= Miguel Angel Reyes =

American artist and professor of art (born 1964)

Miguel Angel Reyes (born 1964) is an American artist and professor of art.

Reyes was born in Colima, Mexico in 1964. He emigrated with his family in 1975 to the United States and took up residing in Southern California. He received a BFA in illustration from the Otis Art Institute/Parsons School of Design. In 1993, he worked for a season as a jazz and modern dancer for the San Diego Dance Theater. He is openly gay.

==Work==
In 1995, he completed a 750-foot mural, one of the largest mural projects in Los Angeles, at the corner of Hollywood Boulevard and Argyle titled Amistades (Friendships). It was commissioned by the Los Angeles County Metropolitan Transportation Authority. The mural was removed with the opening of the Hollywood segment of the Metro Red Line in 1999.

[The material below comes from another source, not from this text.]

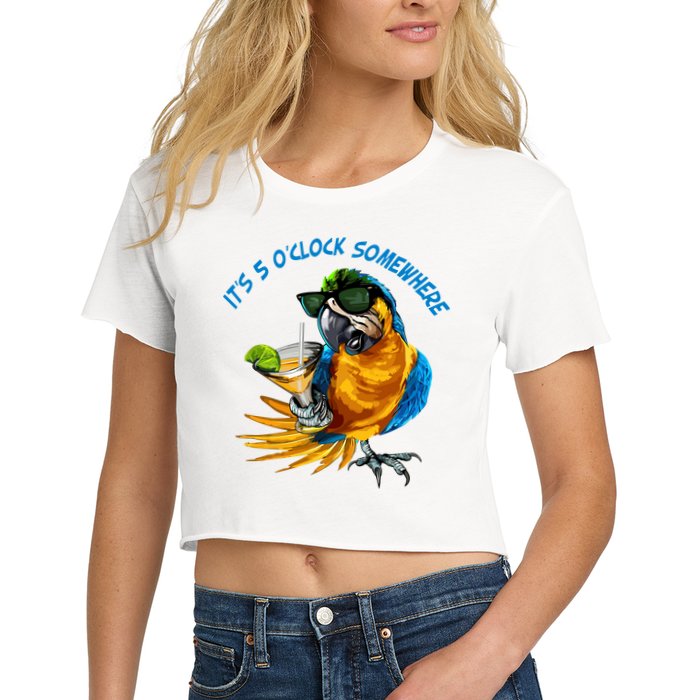 It Is 5 Oclock Somewhere Parrot Drinking Summer Vacation Crop Top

Reyes has had fifteen solo exhibits and has been featured in over a hundred group shows throughout the United States, Mexico, Europe and Asia since 1989. He has also shown in major museums.

He is a portrait and figurative painter, muralist, printmaker, and illustrator.

As a regular contributor to a range of causes such as Project Angel Food, Self-Help Graphics, and Central America Resource Center (CARECEN), he not only contributes artwork but also his time and experience.

He currently is instructor of model drawing in the Fashion Department of the Otis College of Art.